The God of The Gaps And The Science of Uncertainty: What are we so sure of?


The “God of the gaps” argument has one distinct advantage; there are a lot of gaps.  The philosophy suggests that God must exist because we cannot explain every gap in scientific understanding.  However, the term is more often referred to as a logical fallacy by the opponents to intelligent design rather than a consciously employed argument by creationists.  In fact, those that begrudgingly invoke the argument would most likely resent its label.  But still the thinking persists.
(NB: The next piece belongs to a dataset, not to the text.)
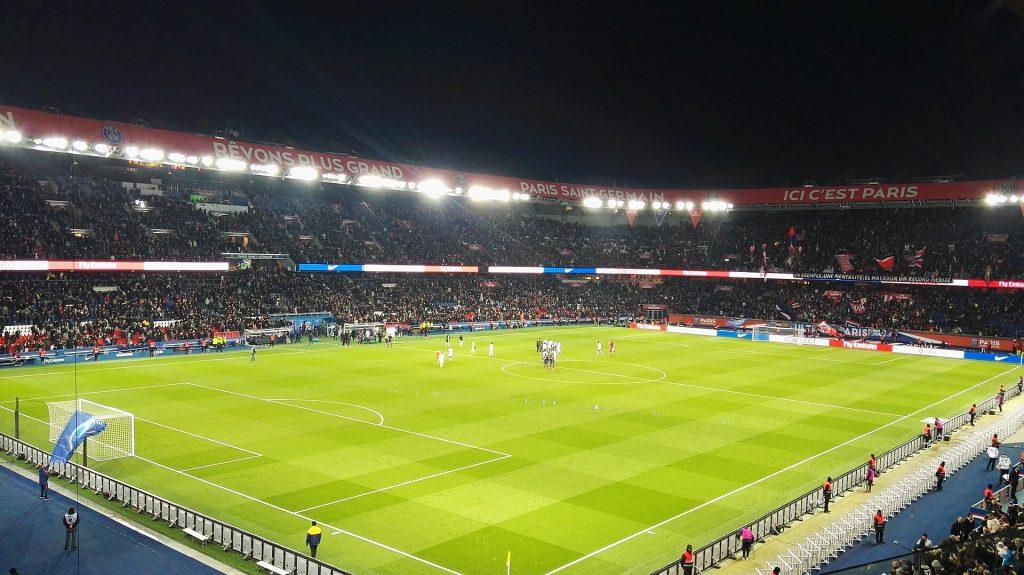 Match de football en soirée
According to this theological perspective, the moments of controversy that science cannot explain are proof of a divine being.  Essentially, our lack of natural understanding is due to God intervening supernaturally.  God sparked life into existence from a soup of amino acids, God is the explanation for the “missing links” in evolution, or God broke down the laws of physics to allow for the big bang.  However; in even firmer contradiction to modern science, the argument could even state that because there are so many gaps in understanding, the whole scientific model must be flawed.


The Problem?: every gap that is filled would shrink an eternal creator…

But what happens when one of these gaps is explained?  What happens when all of them are explained?  We will most likely never understand everything, but is it wise to set up an argument that holds so much weight in science failing?  This seems destructive for both religion and science.  If God really did create all the universe, why could he not operate within its laws?  That might be more fitting for an unchanging God of order and justice.  Conceding that God could just as easily work within the laws of nature allows for more religions to join in the scientific process to learn more about our world.

Although, simply because the “God of the gaps” argument is ill constructed, the absence of a creator is not obvious.  The truth is that science does lack certainty.  It would be just as absurd to conclude that due to our scientific knowledge we need not have a creator.  Science does have gaps.  We might know how matter interacts but we still have little insight as to what matter is in actuality.  We might understand how the brain is networked but we have no idea how consciousness arrises.

It seems that every answer we have leads to a hundred new questions.  But even if we were able to bridge all these gaps, religion would still ask the proverbial question of “why?”

Perhaps, we should simply let science inform faith because science requires faith to flourish.  That faith might be in an ordered universe, it might be that we can achieve great things, or simply that the universe is understandable .


  The truth is that we all have faith in something, because this world is full of uncertainty.


Here s a list of my favorite “Gaps”:

1. Dark Energy/ Dark Matter:  Theorized to account for the excess gravity seen in far away galaxies.  Current research could either confirm its existence or reveal a lack of understanding of the rules of gravity.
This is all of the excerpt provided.